On the west side of the Capitol, the farthest edge of the security line was Peace Circle. That line was breached at around 12:55 p.m. The mob began to tear down fencing across the West Front of the Capitol at that same time. At the time of these initial breaches, Captain Mendoza and other Capitol Police officers surged to support surviving police lines, mainly on the Upper and Lower Terraces on the West Front of the Capitol. MPD officers joined Capitol Police on these lines in stages. See also Gov.'s Ex. 414; 425. Over the course of the following hour, various sections of the police line broke in the face of heavy violent resistance, including the northwestern stairway on the West Front leading from the Lower Terrace to the Upper Terrace at 2:09 p.m. Just a few minutes later, the rioters smashed through the Senate Wing Door and its windows. Capitol Police officers briefly reclaimed the Senate Wing Door, only for rioters to overwhelm that line again at 2:49 p.m. Meanwhile, another door with access to the Senate side of the Capitol, the Parliamentarian Door, was breached at 2:42 p.m. For some period of time after 1:00 p.m. and before 2:42 p.m., MPD deployed chemical spray (pepper spray or something similar) to disperse the insurrectionists who had yet to join the portion of the riot that had captured the Upper West Terrace, ultimately to little effect.
When rioters entered the Capitol, they were met with a loud PA system urging Capitol visitors and staff to take shelter due to an incursion into the Capitol.
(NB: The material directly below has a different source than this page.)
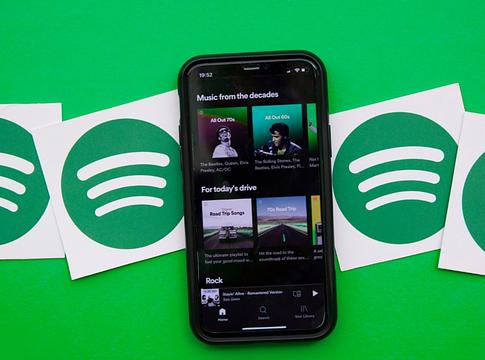 A Spotify kritikák kereszttüzében: Explicit tartalmak jelentek meg a keresési eredmények között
Although Capitol Police officers engaged in hand-to-hand combat with the rioters to maintain portions of police lines throughout Capitol grounds, Capitol Police officers were ultimately unsuccessful. At that point, the focus of the Capitol Police shifted to convincing rioters to leave the Capitol and stemming particularly severe acts of violence. Law enforcement and the National Guard were unable to secure the Capitol and the safety of the Vice President, Members of Congress, and staff until several hours later. With Vice President Pence presiding, Congressional proceedings only resumed at approximately 8:00 p.m. when all of the rioters had been removed.
B. MacAndrew's Participation in the Riot
As noted above, the Court finds Defendant a supportive, though noncombative, member of the riot. Defendant has long been a supporter of former President Trump. After earning a master's degree in psychology from the University of Pittsburgh, MacAndrew returned to her family home in California. Beginning at least in 2020, MacAndrew attended a number of proTrump rallies, including one rally in 2020 featuring then-President Trump himself. After MacAndrew read then-President Trump's announcement that he would hold a rally on January 6, 2021 that “w[ould] be wild,” she made plans to attend, excited to hear then-President Trump speak and to protest against the 2020 Presidential Election.
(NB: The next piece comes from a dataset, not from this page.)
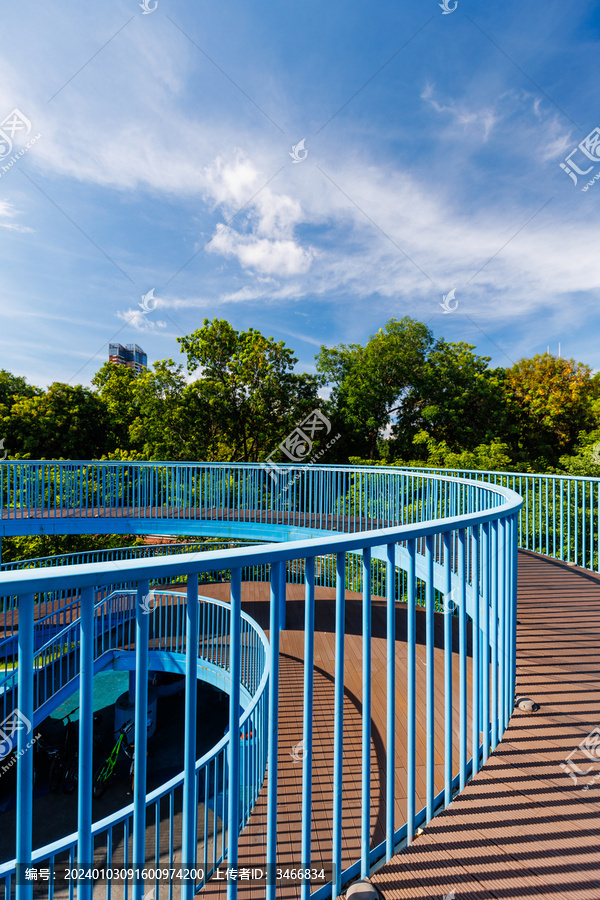 深圳市区蓝色的钢结构景观桥特写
She arrived in the District of Columbia on January 4, 2021. Two days later, she awoke early in the morning to attend the “Stop the Steal” rally at the Ellipse. Defendant testified that she waited in line for hours to enter the rally through at least one security checkpoint. To ensure the safety of the President and attendees at the outdoor rally, Defendant was required to leave her backpack outside the demarcated area. At some point, MacAndrew left the rally early to retrieve ibuprofen or acetaminophen from her backpack due to, she testified, painful back spasms. Notwithstanding her back pain, she then proceeded to march down the National Mall to the Capitol with other protestors, at times helping others carry a gargantuan “Trump” flag.
She then pierced the restricted area on its western boundary. As stated above, Capitol Police had erected multiple lines of barriers in this area with “Area Closed” signs clearly visible. Defendant testified that she saw individuals climbing the walls on the West Front as she worked her way northeast, towards the northern side of Capitol grounds. Throughout this time, her “Trump” flag was unfurled as, she admitted, she demonstrated against “a stolen election.” In MacAndrew's mind, she said, only Congress could fix the abnormalities leading to the “stolen election.”
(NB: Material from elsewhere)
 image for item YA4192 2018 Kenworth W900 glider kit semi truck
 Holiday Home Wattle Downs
Trial exhibits establish a variety of barriers, some intact and some dismantled, as she continued east. At approximately 2:40 PM, she came upon discarded snow fencing and bike racks. Gov.'s Ex. 426. She looked down, where she would have seen the very same “Area Closed” signs. Id.; Gov.'s Ex. 426. In order to clamber over these bike racks and snow fencing, another demonstrator assisted her. Gov.'s Ex. 426. After ascending onto a pathway, she doubled back southwest, moving with a line of armored MPD officers towards the Upper West Terrace. As she did so, she passed Capitol Police officers guarding the Capitol. Id. These officers were standing behind more bike racks, including one with another large “Area Closed” sign. Id.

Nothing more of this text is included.